• [Activity]: All of the data below must be reproduced word for word, but without its images.

• [Supplied information]:
/---

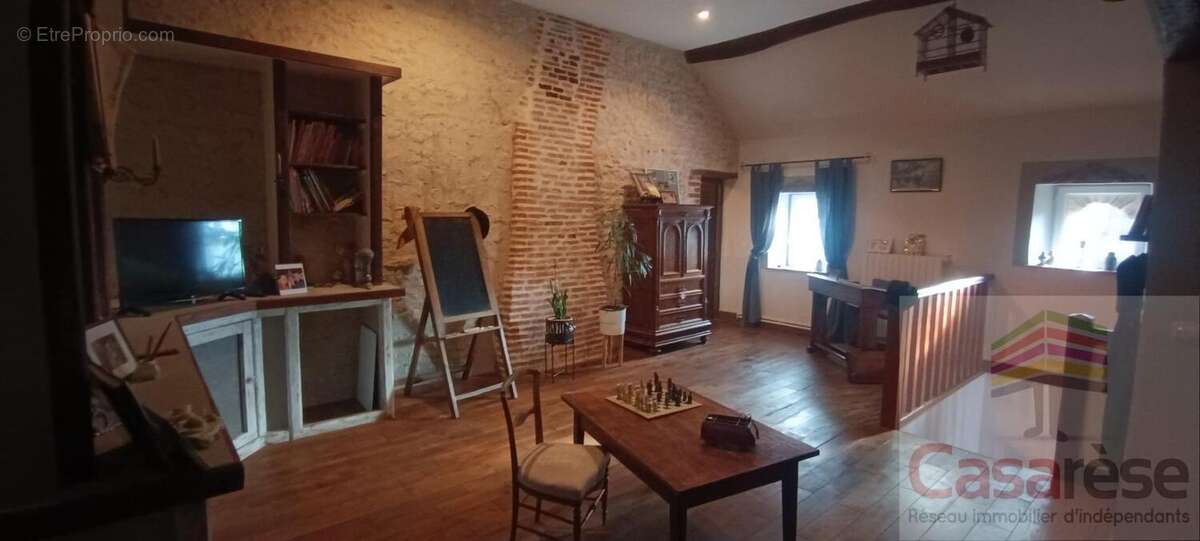 Maison à OUZOUER-LE-MARCHE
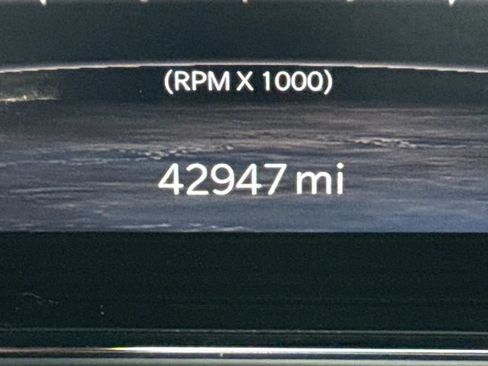 Used 2023 Jeep Grand Wagoneer Series II AWD/4WD image 29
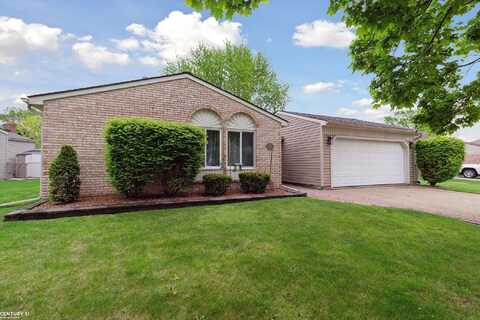 16060 Touraine, Clinton Township, MI 48038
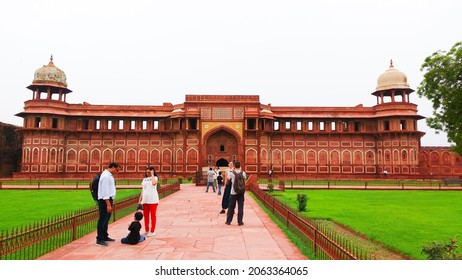 Agra, UP, India-July 07 2018: Tourism Inside Agra Fort. Agra Fort Is One Of The Famous UNESCO World  Heritage Sites In India. It Is A Popular Travel Destination In India.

\---

• [Response box]:
 Maison à OUZOUER-LE-MARCHE
 Used 2023 Jeep Grand Wagoneer Series II AWD/4WD image 29
 16060 Touraine, Clinton Township, MI 48038
 Agra, UP, India-July 07 2018: Tourism Inside Agra Fort. Agra Fort Is One Of The Famous UNESCO World  Heritage Sites In India. It Is A Popular Travel Destination In India.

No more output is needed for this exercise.